Review: Joan Baez Live in Seattle
Joan Baez – Woodland Park Zoo – Seattle – Aug. 13, 2009
I wish I could say Joan Baez and I go way back, but I was born in ’77 and her career had already been going strong for two decades. My relationship with her work has all been a continuous game of catch-up. Still, seeing her onstage, I wished I’d been there for all of it – from the Civil Rights rallies to the sets at Newport and beyond. Some people outgrow their own legacies. They move on or progress, or they hold onto the dream in a sad, sorry way that feels over-hung with nostalgia, or whatever that emotion is. Joan Baez transcends all that. Standing there watching her sing “Diamonds and Rust” for what was, no doubt, the eighteen thousandth time she’s sung it, seeing how she still seems to wring some certain truth from it, I thought perhaps what sets her apart even still is that most people are details. Joan Baez is the big picture. If that makes sense.
But first, it rained.
Not that rain is notable in Seattle, land of rain. A town where the first thing many out-of-towners say upon arrival is something along the lines of, “I’m surprised the sun is shining here” or, “Of course it’s raining in Seattle.” We’ve had 27 days of sun in a row this summer, though. Even when the clouds have come, we’ve all stayed dry. Now that it’s finally back, this wasn’t just any rain. It was the kind of rain where even locals pulled out their umbrellas. It lasted over an hour, as we all waited in line in our ponchos and boots, resigned to the truth of the matter: once you’re wet, there’s no point of running for shelter.

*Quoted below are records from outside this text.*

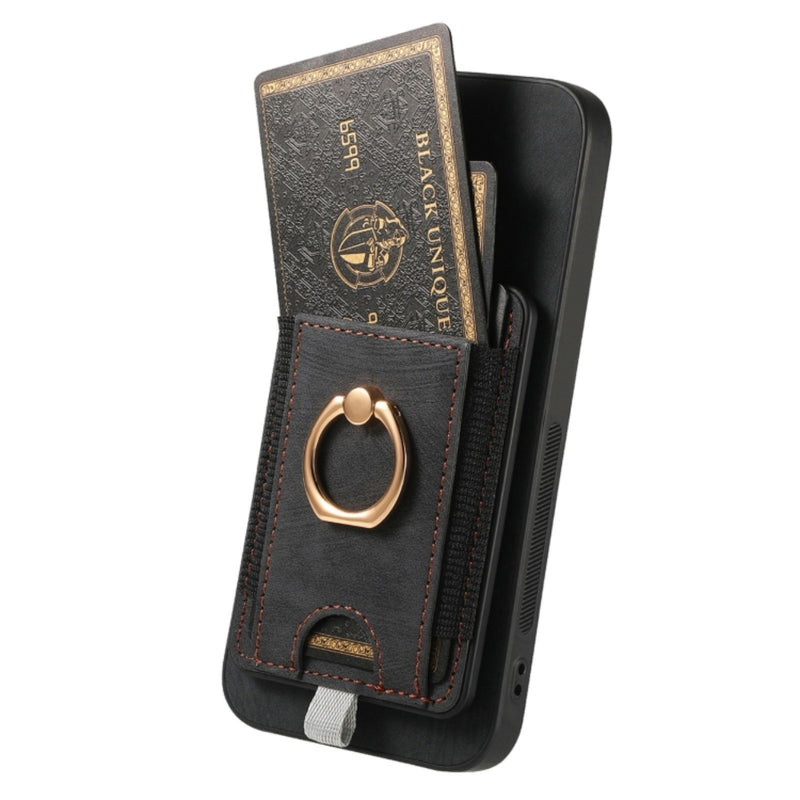 Cargue la imagen en el visor de la galería, OPPO A38 4G/A18 4G - Retro Splitable Magnetic Card Bag Leather Phone Case - Polar Tech Australia
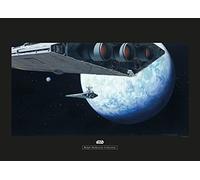 Komar Póster de Star Wars Classic RMQ Hoth Orbit - Tamaño: 70 x 50 cm (sin marco)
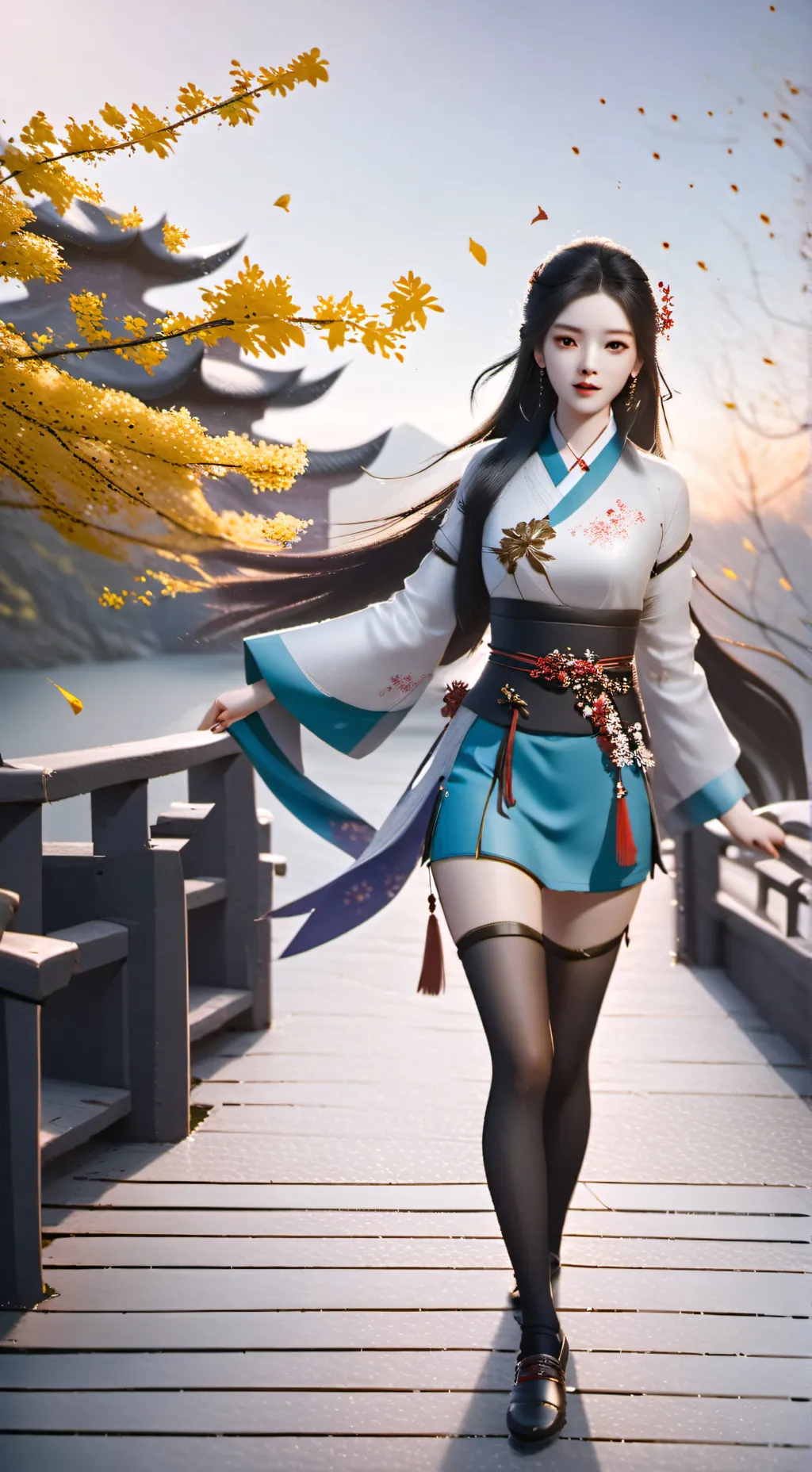 ai character: Chinese 👑 p&p background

Behind me in line, women who had been at Woodstock made the correlation. “But this time I’m not sliding through the mud on my belly.”
When she’d get onstage, before the rain finally gave up, Baez would make a similar comparison. Then she’d lean into her version of Eliza Gilkyson’s “Rose of Sharon,” which she recorded for last year’s Steve Earle-produced Day After Tomorrow, smiling broadly after the line, “The rain is over and gone.” Indeed it had lifted by then.
She moved “across several decades,” but kept returning to Day After Tomorrow. She told an awful joke, which was more charming than funny, and I’ll spare you my version of it. She played “Joe Hill” (the audience sang along) and “Long Black Veil.” She played “Don’t Think Twice (It’s Alright),” tossing in her best Dylan impression at the end. I’ve giggled along with plenty of Dylan knockoffs through the years, but hearing Joan do it was priceless. That was her last song before a very brief encore of “The Night They Drove Old Dixie Down” (crowd-wide clapping and joyful swaying; even a few soppy, soaked souls singing along on the na-na-nas).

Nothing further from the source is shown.